Many of CoralCDN’s processes attempt to preserve locality in order to keep latency low. This starts with the DNS lookup by the end user’s browser. CoralCDN assumes that the resolver for the user’s browser is close to the end user on the network. It then picks a Coral HTTP proxy close to the source address of the DNS request.
Specifically, CoralCDN keeps track of the latencies between the proxies and the user and creates levels. The Coral DNS server can get a round trip time to the end user and only provide listings to proxies that fall within a given level.

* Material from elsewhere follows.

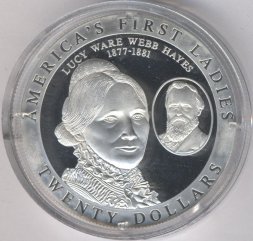 Либерия 20 долларов 2003 год - Люси Уэбб Хейз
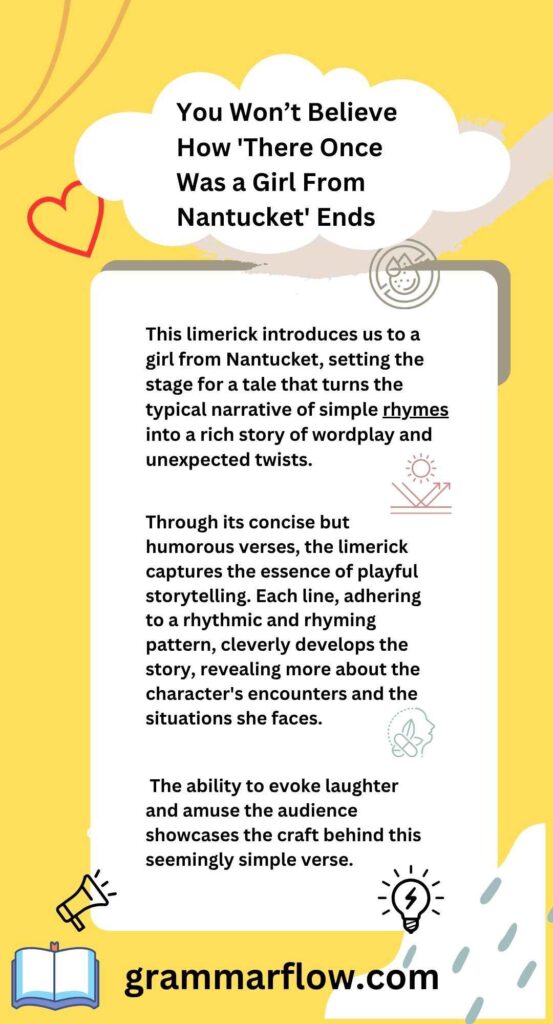 You Won’t Believe How 'There Once Was a Girl From Nantucket' Ends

The DNS servers are also responsible for ensuring that the HTTP proxies that are returned to the end user are available, since a bad HTTP proxy will fail the user’s request. The DNS servers can do this by synchronously checking a proxy’s status with an RPC prior to releasing the DNS response.
The HTTP Proxy
The driving goal of the system is to shield origin servers from request stampedes. The Coral proxies therefore attempt to find the content within CoralCDN before going to the origin server. Additionally, when a proxy begins retrieval from the origin server, it inserts a short lived record into the Coral index so any additional servers that want the object will not simultaneously contact the origin.
The Indexing Service
One of the authors’ stated contributions of this work is the indexing system, including a distributed sloppy hash table (DSHT). Each node is given a 160 bit ID and holds key/value pairs with keys that are “close” to the node’s ID. Additionally, each node maintains a routing table to other nodes. On a put or get, the request can be routed to successively closer nodes to toward the closest node.
The service is considered sloppy because a key/value is not always stored at the closest node. The put process is completed in two phases. The first is a collection of hops to get to the closest node and forms a stack from the list of nodes. This phase ends when the storing node reaches the closest node or when it reaches one that is full and loaded. A full node is one that already stores values for that key. A loaded node is one that is receiving more than requests per minute. In the second phase, the storing node attempts to place the value at the node on top of the stack. If that store fails for some reason, the storer pops the stack and tries again.
Nodes are arranged in clusters based on their average pairwise latency. If that latency is below a certain threshold, the cluster is said to be part of a specific level. A node can be part of multiple clusters but uses the same ID in each. This clustering allows a sequential search for a target value, beginning with low latency “close” nodes and only proceeding to slower levels if needed.
The idea of levels was interesting mostly because the latency thresholds allow the clusters to be self-organizing. Clearly, locality is important to a CDN. It does seem however, that simple static organization of nodes into clusters would be sufficient to allow latency locality.
Though we didn’t technically read the follow-up paper, there is an interesting section on lessons learned. In the section on usage, the authors found that a small number of popular URLs account for a large percentage of the requests but that these requests take up relatively little room on the cache. This means that more than 70% of requests are served from local cache, with only 7.1% retrieved from other Coral proxies.